# Retention Productivity in Article and Article Talk

This notebook is similar to the one fitting a model for edits in Article and Article Talk across the entire 15-day period, but looks only at the second two-week part of that time period (also known as the "retention" period).

In [1]:
# https://stackoverflow.com/a/35018739/1091835
library(IRdisplay)

display_html(
'<script>  
code_show=true; 
function code_toggle() {
  if (code_show){
    $(\'div.input\').hide();
  } else {
    $(\'div.input\').show();
  }
  code_show = !code_show
}  
$( document ).ready(code_toggle);
</script>
  <form action="javascript:code_toggle()">
    <input type="submit" value="Click here to toggle on/off the raw code.">
 </form>'
)

In [2]:
library(data.table)
library(ggplot2)

library(brms) # install.packages("brms")
library(loo) # install.packages("loo")
options(mc.cores = 4)
library(rstanarm) # install.packages("rstanarm")

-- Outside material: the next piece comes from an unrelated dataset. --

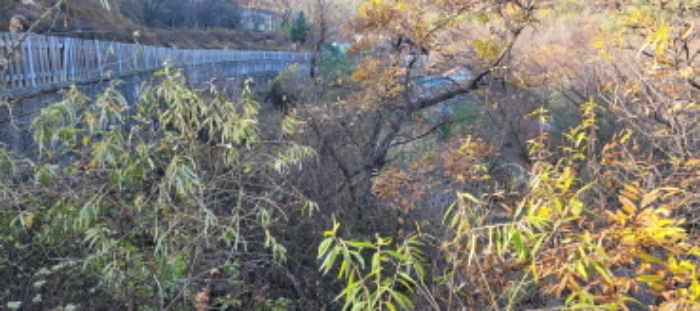 오산리 산44-14 전경 - 임야 임.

Loading required package: Rcpp

Loading 'brms' package (version 2.13.5). Useful instructions
can be found by typing help('brms'). A more detailed introduction
to the package is available through vignette('brms_overview').


Attaching package: ‘brms’


The following object is masked from ‘package:stats’:

    ar


This is loo version 2.3.1

- Online documentation and vignettes at mc-stan.org/loo

- As of v2.0.0 loo defaults to 1 core but we recommend using as many as possible. Use the 'cores' argument or set options(mc.cores = NUM_CORES) for an entire session. 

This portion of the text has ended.